• _Exercise aim_:
Return the stretch from the line with "What are the" through the line with "From Panini Flawless, an" in the data below, character for character, skipping all pictures.

• _Record excerpts_:
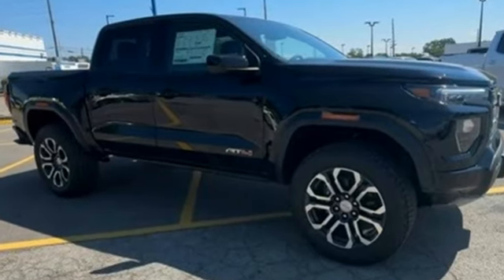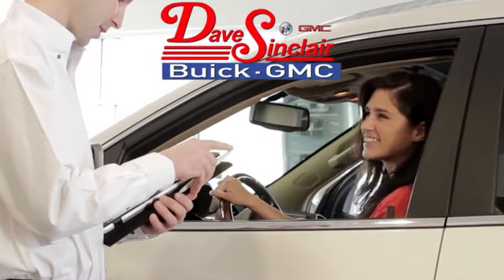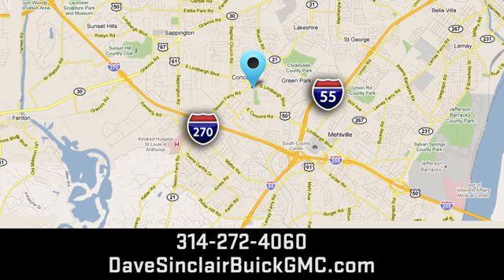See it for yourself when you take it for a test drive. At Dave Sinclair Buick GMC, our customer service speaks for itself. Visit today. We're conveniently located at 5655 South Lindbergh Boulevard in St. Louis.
...
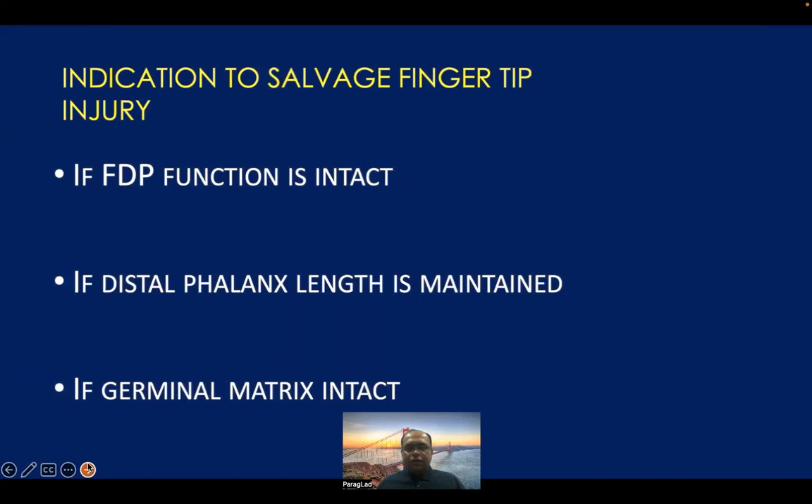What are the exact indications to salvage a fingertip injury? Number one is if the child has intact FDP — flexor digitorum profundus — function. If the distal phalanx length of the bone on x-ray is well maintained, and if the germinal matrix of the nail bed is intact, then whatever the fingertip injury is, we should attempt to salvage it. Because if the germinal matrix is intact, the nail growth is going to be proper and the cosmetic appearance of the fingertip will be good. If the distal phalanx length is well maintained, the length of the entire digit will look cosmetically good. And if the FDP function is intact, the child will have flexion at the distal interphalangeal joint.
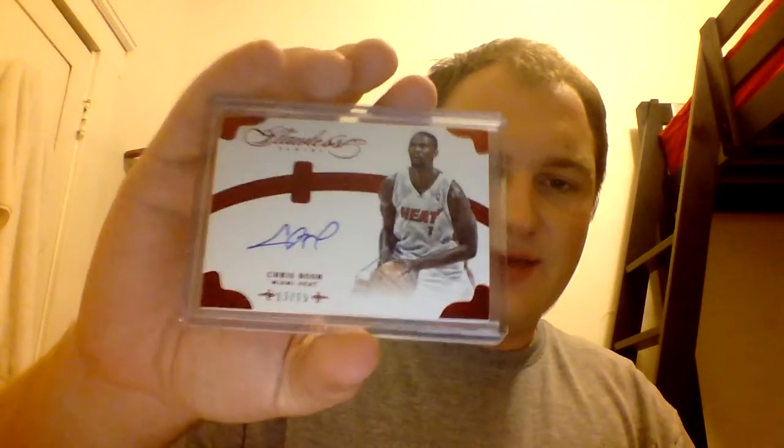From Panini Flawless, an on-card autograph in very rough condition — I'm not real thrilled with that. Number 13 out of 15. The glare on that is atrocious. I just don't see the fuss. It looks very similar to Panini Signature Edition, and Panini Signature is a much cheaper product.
--
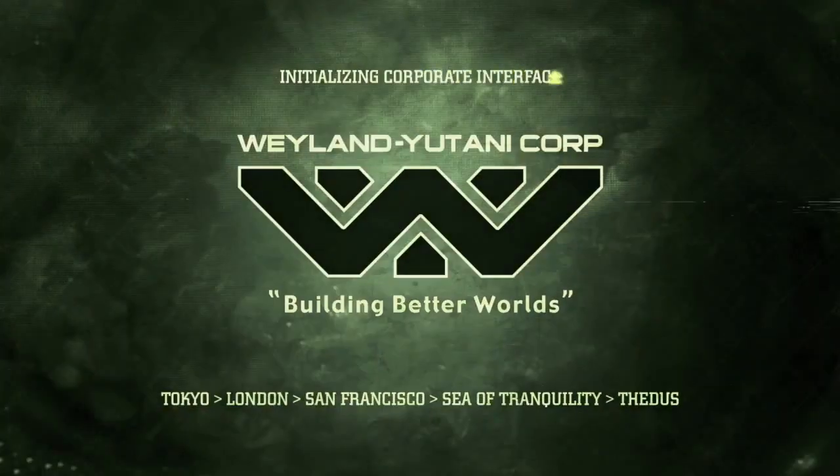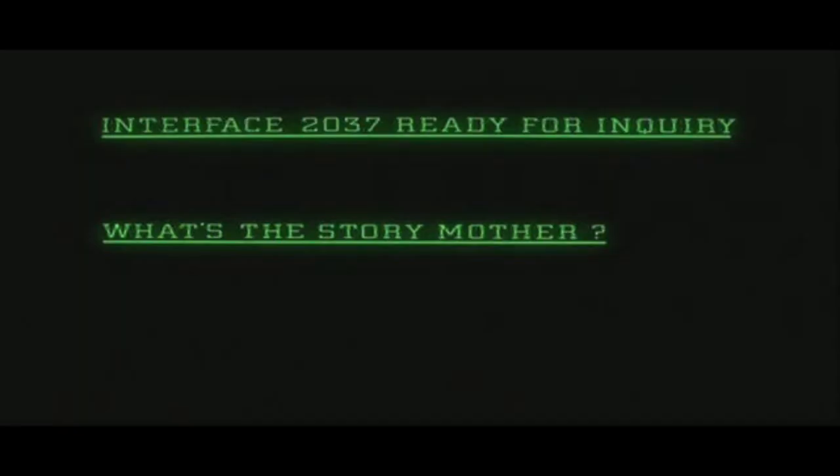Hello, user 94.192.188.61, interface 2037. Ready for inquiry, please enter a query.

• _Solution below_:
What are the exact indications to salvage a fingertip injury? Number one is if the child has intact FDP — flexor digitorum profundus — function. If the distal phalanx length of the bone on x-ray is well maintained, and if the germinal matrix of the nail bed is intact, then whatever the fingertip injury is, we should attempt to salvage it. Because if the germinal matrix is intact, the nail growth is going to be proper and the cosmetic appearance of the fingertip will be good. If the distal phalanx length is well maintained, the length of the entire digit will look cosmetically good. And if the FDP function is intact, the child will have flexion at the distal interphalangeal joint.
From Panini Flawless, an on-card autograph in very rough condition — I'm not real thrilled with that. Number 13 out of 15. The glare on that is atrocious. I just don't see the fuss. It looks very similar to Panini Signature Edition, and Panini Signature is a much cheaper product.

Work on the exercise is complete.